This is why sustainability leaders such as Google have already taken action to map out if they’re carbon-free every hour, despite being 100% renewable over the year.

Internet 24/7: Carbon-Free Energy Should Be Too

Figure 1: Google publication on 24/7 carbon free energy

Other corporate examples, such as car manufacturer Daimler or telco giant Telefonica, also have secured 24/7 sourcing of renewables recently. Leading organizations such as RE100 have also published a guide on impactful renewable energy procurement with a longer list of case studies.


How can a company claim, prove, and communicate an impactful renewable energy procurement?
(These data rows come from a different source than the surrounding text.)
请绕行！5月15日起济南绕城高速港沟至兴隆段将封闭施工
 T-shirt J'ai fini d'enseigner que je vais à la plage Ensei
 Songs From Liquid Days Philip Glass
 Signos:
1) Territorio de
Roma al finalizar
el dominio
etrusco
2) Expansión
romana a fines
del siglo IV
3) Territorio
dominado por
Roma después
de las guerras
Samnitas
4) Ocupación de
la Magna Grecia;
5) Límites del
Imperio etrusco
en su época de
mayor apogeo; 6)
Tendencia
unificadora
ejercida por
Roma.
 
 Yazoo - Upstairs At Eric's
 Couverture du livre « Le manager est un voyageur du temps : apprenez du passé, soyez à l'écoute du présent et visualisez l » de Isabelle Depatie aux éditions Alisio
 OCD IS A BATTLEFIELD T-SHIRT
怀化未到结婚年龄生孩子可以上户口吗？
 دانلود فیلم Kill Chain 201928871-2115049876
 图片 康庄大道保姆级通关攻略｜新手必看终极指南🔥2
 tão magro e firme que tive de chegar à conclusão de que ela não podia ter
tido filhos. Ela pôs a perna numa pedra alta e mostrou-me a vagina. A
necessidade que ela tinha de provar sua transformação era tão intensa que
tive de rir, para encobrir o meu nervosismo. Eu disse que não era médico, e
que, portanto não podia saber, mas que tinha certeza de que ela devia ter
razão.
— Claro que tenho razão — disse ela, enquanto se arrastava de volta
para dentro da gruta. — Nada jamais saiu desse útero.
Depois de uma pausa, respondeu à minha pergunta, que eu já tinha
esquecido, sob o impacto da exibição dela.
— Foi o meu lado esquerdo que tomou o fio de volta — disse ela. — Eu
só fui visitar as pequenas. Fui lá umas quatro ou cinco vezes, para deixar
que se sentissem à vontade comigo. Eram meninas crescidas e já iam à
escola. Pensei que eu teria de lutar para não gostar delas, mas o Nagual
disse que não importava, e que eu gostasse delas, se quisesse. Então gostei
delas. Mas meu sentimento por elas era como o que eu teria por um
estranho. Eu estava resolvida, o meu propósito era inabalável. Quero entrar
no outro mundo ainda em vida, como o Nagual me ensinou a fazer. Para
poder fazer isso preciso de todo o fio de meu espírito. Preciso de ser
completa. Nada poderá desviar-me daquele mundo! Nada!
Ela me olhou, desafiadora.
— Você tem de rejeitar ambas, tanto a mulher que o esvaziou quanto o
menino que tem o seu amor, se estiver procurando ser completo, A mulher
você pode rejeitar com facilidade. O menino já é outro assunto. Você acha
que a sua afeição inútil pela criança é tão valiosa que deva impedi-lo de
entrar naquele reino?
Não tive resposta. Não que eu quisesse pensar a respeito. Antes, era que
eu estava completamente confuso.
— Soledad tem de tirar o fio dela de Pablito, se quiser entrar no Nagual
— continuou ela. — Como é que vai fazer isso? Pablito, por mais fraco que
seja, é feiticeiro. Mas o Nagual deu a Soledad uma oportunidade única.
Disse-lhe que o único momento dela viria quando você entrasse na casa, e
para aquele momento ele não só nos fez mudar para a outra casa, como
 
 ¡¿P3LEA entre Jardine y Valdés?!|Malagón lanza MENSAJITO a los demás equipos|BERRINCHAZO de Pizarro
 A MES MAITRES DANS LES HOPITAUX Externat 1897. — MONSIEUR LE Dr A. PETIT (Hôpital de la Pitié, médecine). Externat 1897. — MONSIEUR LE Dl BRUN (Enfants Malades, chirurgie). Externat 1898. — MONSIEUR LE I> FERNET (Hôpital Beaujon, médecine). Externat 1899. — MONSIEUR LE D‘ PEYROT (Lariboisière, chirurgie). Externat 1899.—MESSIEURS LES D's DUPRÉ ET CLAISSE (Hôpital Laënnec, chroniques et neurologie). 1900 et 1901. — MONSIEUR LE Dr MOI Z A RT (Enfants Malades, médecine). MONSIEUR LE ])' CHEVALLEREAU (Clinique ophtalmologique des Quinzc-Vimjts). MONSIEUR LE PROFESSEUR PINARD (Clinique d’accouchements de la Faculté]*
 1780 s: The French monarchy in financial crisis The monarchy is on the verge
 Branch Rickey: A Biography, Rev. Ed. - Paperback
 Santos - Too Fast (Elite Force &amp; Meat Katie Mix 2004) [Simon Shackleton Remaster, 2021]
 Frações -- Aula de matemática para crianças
Requesting data transparency from the energy source to their energy supplier is one of the solutions. Despite the limitations of the Energy Attribute certificate system that was mentioned before, new technologies allow for direct traceability of energy to a production plant. Not as a substitution of a certificate, but as a transparent addition to it.

Tracking green electrons’ energy flow is impossible for physical reasons; all energy is mixed into the grid. However, it’s possible to match production data to consumption data in real-time digitally. A company could ensure that a solar plant located 50km away from their factory produced the exact 100kWh that the factory was consuming on a Monday at 2:00 pm.

This real-time data stream can include information on the location of the production asset, age of the plant, technology type, and CO2 emission factor of the grid in that hour. With this traceability, companies can make sure they know that their money is flowing into the investment of new plants in proximity. Only by having this hourly data transparency corporates can ensure zero-carbon energy sourcing. Of course, Energy Attribute Certificates are still received at the end of the month or year for regulatory compliance.



Energy Attribute Certificates Don’t Certify Energy on an Hourly Basis - Who is Doing That?

Hourly certification of renewable energy needs to be linked at the end of each month to an Energy Attribute Certificate. This granular certification can be done by human auditors manually, although the costs don’t compensate for the benefit.

For this reason, the adoption of distributed ledger technologies such as blockchain has gained traction in the market as the most cost-effective alternative to human certification of energy. This decentralized database can record a “digital unit of energy” produced (token). It can then ensure no double-counting in the transfer and the claim of that certificate to a consumer. Corporates get the peace of mind that any third-party can audit the immutable registry to check the correct environmental claims. Energy-efficient blockchains such as the Energy Web Blockchain - validated by large energy companies, regulators, and startups - are the most suited for such a use case.

Renewable energy traceability has gained popularity in the last few years among Fortune 500 companies, given the rise of sustainability leadership initiatives. FlexiDAO has been supporting them worldwide by tracking more than 3TWh per year of renewable energy directly from production plants, with an audit trail on the blockchain.

Needless to mention: all green energy sourcing that is on-site or connected by “direct cable” is the greenest option possible, and traceability isn’t required in those cases.

For all the remaining renewable energy products such as Unbundled Certificates or Green Energy tariffs, sustainability and energy managers can now ensure that they can obtain the necessary data transparency to claim additionality, proximity, and zero-carbon energy.